Material	Single Crystal Bi2Te3	Polycrystal Bi2Te3	Single Crystal In4Se2.25	Single Crystal SnSe	Copper	Copper	Copper
Measuring Temperature	300 K	300 K	600 K	700 K	300 K	600 K	700 K
Sw (μV/K)	−210	−187	−375	−540	2.83	3.34	3.84
Su/Sv (μV/K)			−313
ρw (Ω·m)	4.5 × 10−5	2.4 × 10−5	2.0 × 10−4	1.0 × 10−2	1.7 × 10−8	4.0 × 10−8	5.0 × 10−8
ρu\ρv (Ω·m)	1.5 × 10−5	1.0 × 10−5	1.0 × 10−4	1.1 × 10−3
λw (W·m−1·K−1)	1.00	0.78	0.80	0.25	400	386	377
λu\λv (W·m−1·K−1)	1.55	1.17	1.15	0.35
Reference	[17]	[5]	[29]	[18]	[30,31]	[30,31]	[30,31]

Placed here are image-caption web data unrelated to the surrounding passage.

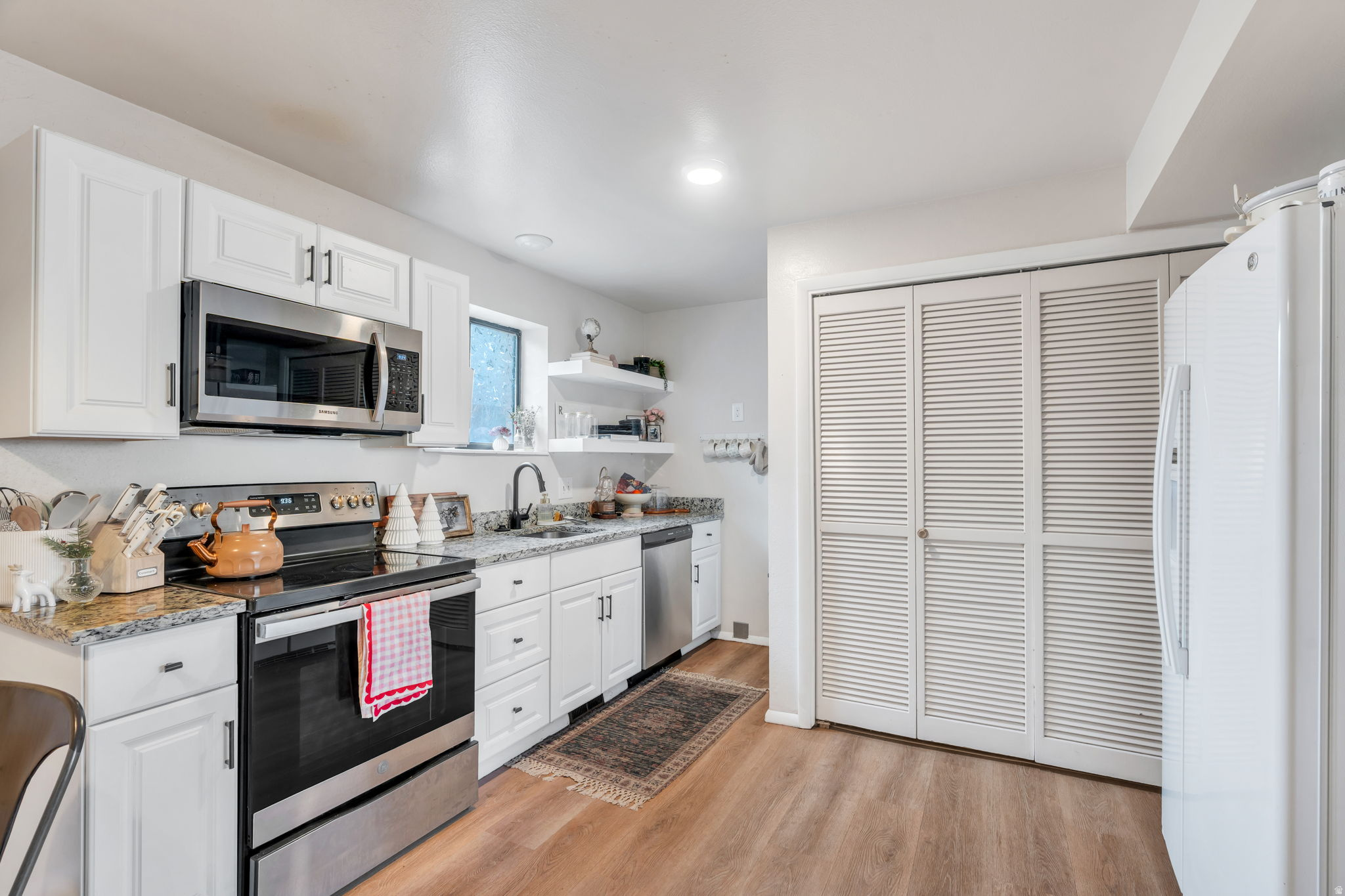 CENTRAL ESTATES - Residential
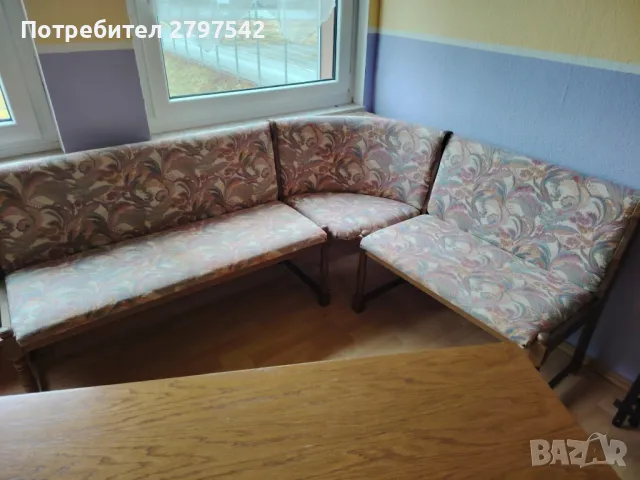 Кухненски ъгъл/ Ъглова пейка 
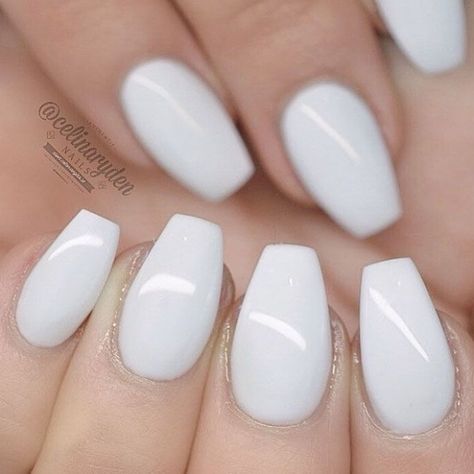 Short Coffin Nails Designs, White Coffin Nails, Shape Nails, Nails Yellow, Short Coffin, Short Coffin Nails, White Acrylic Nails, Her Nails, Coffin Shape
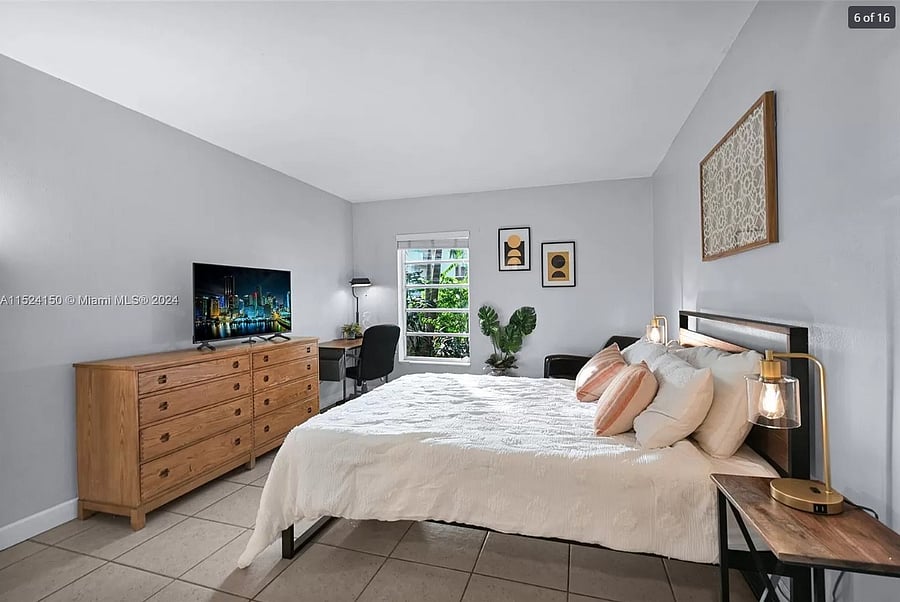 Furnished Finder property 417023_1 photo 23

T: Temperature; S: Seebeck coefficient; ρ: electrical resistivity; λ: thermal conductivity.

.

In the next step, experimentally measured material properties are implemented into the derived equations. Previous studies [9] have shown that high-performance transverse thermoelectric composites usually consist of one semiconducting thermoelectric phase and one highly conductive phase, where the thermoelectric phase provides high Seebeck coefficient and low thermal conductivity, the conducting phase provides low electrical resistivity. Therefore, we chose anisotropic Bi₂Te₃ polycrystal as the matrix phase and Copper as the fibrous phase for the composite. The properties of these materials are shown in Table 1. According to Table 1, the Copper phase was isotropic and Bi₂Te₃ was anisotropic with planar (u–v plane) isotropy.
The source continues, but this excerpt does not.